Chistine Pires Beaune, députée socialiste du Puy-de-Dôme, estime également que cette situation qui place « la personne handicapée dans une situation de dépendance vis-à-vis de son conjoint »  constitue « une injustice inacceptable ». 
C’est le Sénat qui a souhaité une réforme de ce système, et la droite, à l’Assemblée nationale, a elle aussi vivement défendu la fin de la « conjugalisation ». « Comment accepter qu’un conjoint en situation de handicap, du fait d’un accident de la vie, d’un problème de santé ou de toute autre raison, puisse dépendre du salaire de son conjoint ? Quelle est la solution : divorcer pour contourner la loi, ne pas fonder de famille et rester seul ? C’est intolérable ! », a tonné Stéphane Viry, député LR des Vosges.

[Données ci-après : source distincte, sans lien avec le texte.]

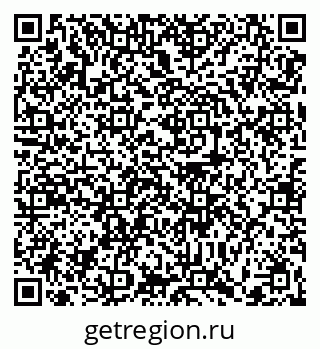 79370602429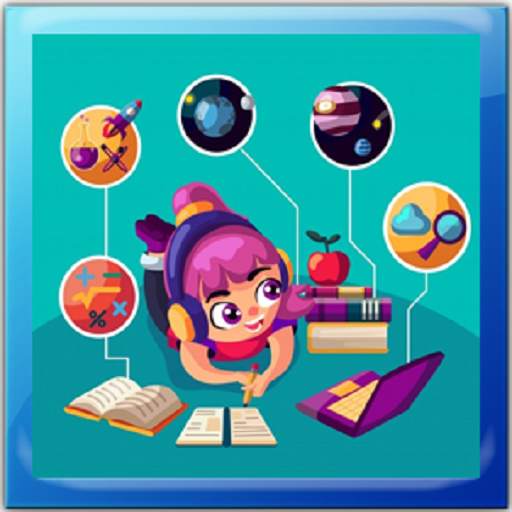 Science Note 1.0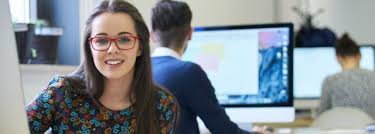 Great engineers are out there, but they're in demand. Software Developer Job Description Workable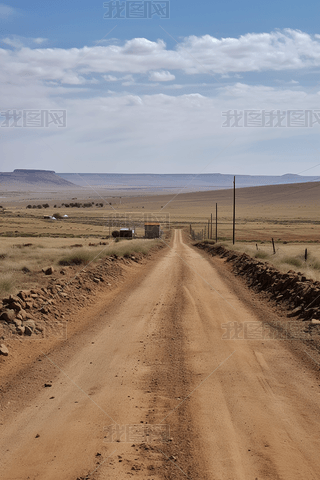 λڼӠ၆̹֮gĲʿmR355̖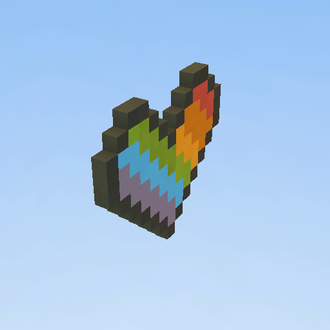 Heart <3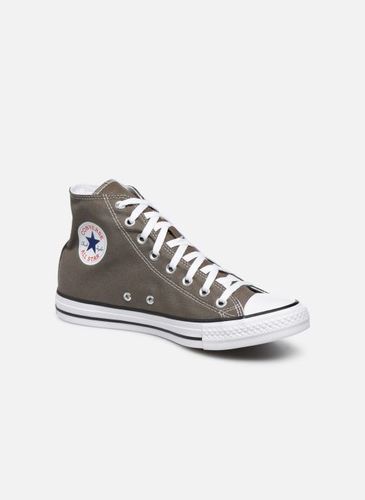 Baskets Chuck Taylor All Star Hi M - Converse - Modalova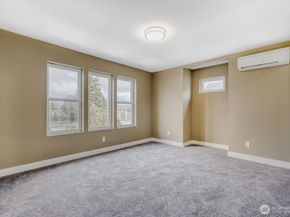 3403 S 144th Lane, Tukwila WA 98168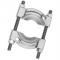 Facom U.53T Separator 20mm - 180mm
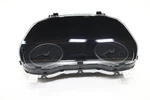 2020 Hyundai Palisade Dash Instrument Gauge Cluster Speedometer Oem 94011S8660. Fixed Price $182.67.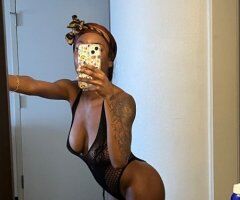 Richmond escorts - 🌹PETITE CHOCOLATE PLAYMATE CLASSY AND UNFORGETTABLE🍾🥂100% REAL AND AVAILABLE 24/7 - 24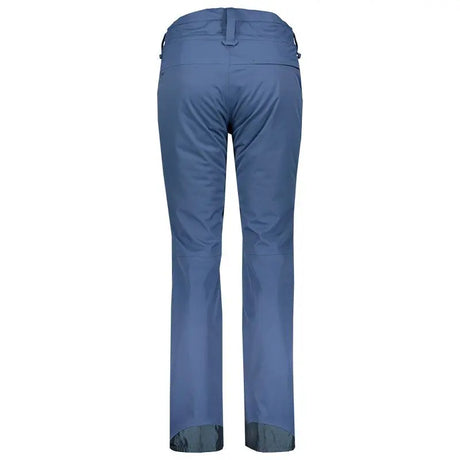 Pantaloni Scott W Ultimate Dryo 10   Pantaloni Scott W Ultimate Dryo 10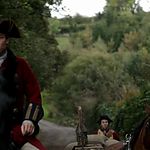 OUTLANDER_-_E1X02_CASTLE_LEOCH_0073.jpg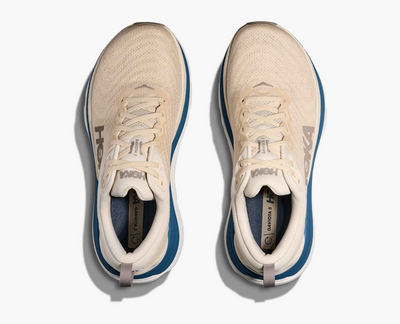 HKA Gaviota 5 - Birch/Foggy night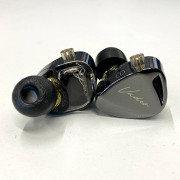 KZ Acoustics VADER HIGH RESOLUTION Version (с микрофоном) (уценка)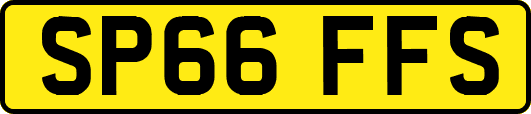 SP66FFS
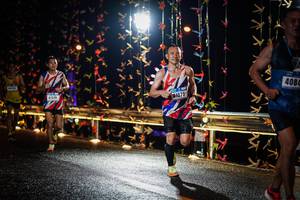 BIB: 4084, 41075, 41519
                            <button type="button" onclick="openModal(17917838)" class="btn btn-primary btn-sm float-right btn-popup" data-toggle="modal" data-target=".modal-high-quality">
                        <i class="fas fa-shopping-cart"></i> Add to Cart
                    </button>
                                            <button type="button" onclick="isThisMe(17917838, true)" class="btn btn-success btn-sm float-right btn-popup btn-isme hidden" data-toggle="tooltip" data-placement="bottom" title="นี่คือรูปของคุณใช่ไหม คลิกที่นี่เพื่อเอาเข้าอัลบั้ม">
                        <i class="fas fa-plus"></i> Add to album
                    </button>
                    <button type="button" onclick="isThisMe(17917838, false)" class="btn btn-warning btn-sm float-right btn-popup btn-isnotme hidden">
                        <i class="fas fa-ban"></i> Remove from album
                    </button>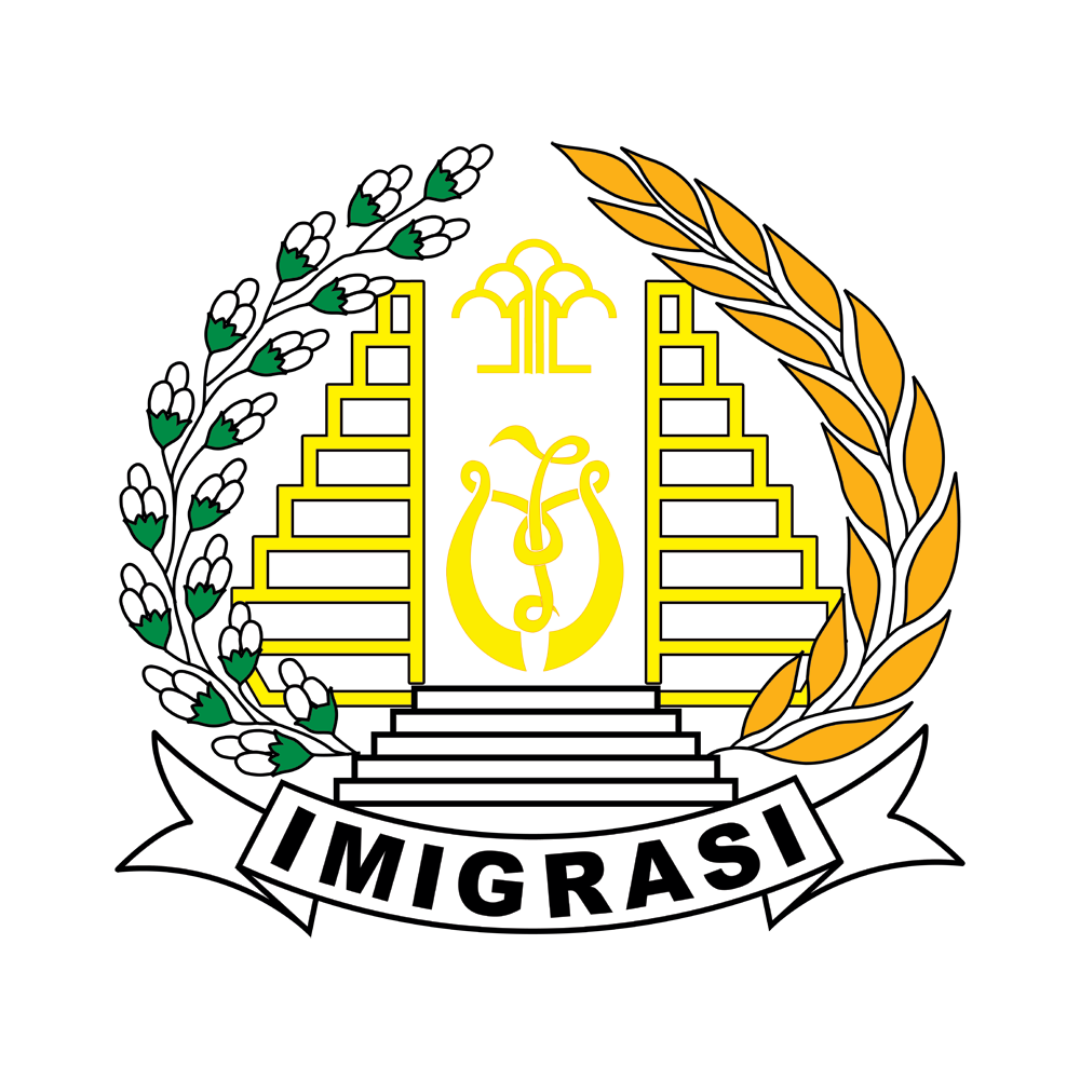 Imigrasi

Plusieurs députés de la majorité ont fait également état de leur malaise et affirmé leur soutien à la « déconjugalisation ».
Face à cette contestation, y compris dans la majorité, le gouvernement a demandé un report du vote, puis a utilisé le voté bloqué, ne laissant aux députés d’autre choix que de voter sans retouche la version approuvée par l’exécutif.
Pour protester, droite et gauche ont quitté l’hémicycle. Le texte doit maintenant repartir au Sénat ou plus probablement être intégré au prochain budget de la Sécurité sociale pour une application au 1er janvier 2022.
« C’est politicien, c’est nul ! », s’est indignée la communiste Marie-George Buffet, à l’unisson de nombreux élus sur tous les bancs, qui ont dénoncé des « artifices de procédure »  et, sur un sujet aussi sensible, une « faute morale ».

« Un portefeuille à la place du coeur » 

La secrétaire d’État aux Personnes handicapées, Sophie Cluzel, a dénoncé « une vision misérabiliste du handicap », François Ruffin (LFI) accusant en retour le gouvernement d’avoir « un portefeuille à la place du cœur »  – l’un des arguments de la majorité étant le coût de la réforme, estimé à quelque 750 millions d’euros.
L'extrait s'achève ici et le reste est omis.